The two control antibodies at 7 days p.i. (Figures S5 and S6) showed some activity in well perfused tumor regions, little activity in hypoxic CAIX regions, but also significant amounts of radioactivity in tumor regions which were furthest away from the vasculature. The pixel by pixel analysis of the data (Figure S7) showed an inverse relationship between 111In uptake and CAIX immunofluorescence which was the inverse of that seen with the CAIX-specific cG250 (Figure 4D). The correlation between 111In activity and tumor perfusion was comparable to the early cG250 data at 2 and 4 days p.i. (Figure 4B and 4C). because most of the activity was still in the well perfused tumor regions.

Figure 4
Binned pixel by pixel analysis of 111In-DOTA-F(ab')2-cG250 distribution, endogenous CAIX expression and blood perfusion in single HT29 tumor sections.
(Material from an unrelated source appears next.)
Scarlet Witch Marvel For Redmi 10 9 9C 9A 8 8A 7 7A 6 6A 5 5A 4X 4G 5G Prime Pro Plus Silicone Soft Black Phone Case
The analysis of the fluorescent images for the tumor sections removed from animal injected with 111In-F(ab')2-cG250 at 6 and 24 hours post injection (Figures S8 and S9) is shown in Figures 4A and 4B. For the 6 hour p.i. image, the distribution of 111In and the correlation with perfusion and endogenous CAIX is similar to that seen with the intact IgG at 2 day p.i.. At 24 hours p.i., the 111In is almost ideally coregistered with the endogenous CAIX and there is almost an inverse correlation with Hoechst staining, except for the highest 111In data points. These data show that the distributions of 111In-F(ab')2-cG250 at 24 hours p.i. is comparable to the intact IgG at 7 days post injection with excellent targeting of CAIX, but some residual activity in well perfused and non-hypoxic areas. These data reflect the fact that the F(ab')2 fragmented antibody clears more rapidly from the blood and can more rapidly diffuse into hypoxic area rich in CAIX than the intact IgG, but at the optimum time the absolute tumor uptake of the F(ab')2 fragment is around 3 times lower and non specific uptake by the liver, spleen and kidneys is considerably higher.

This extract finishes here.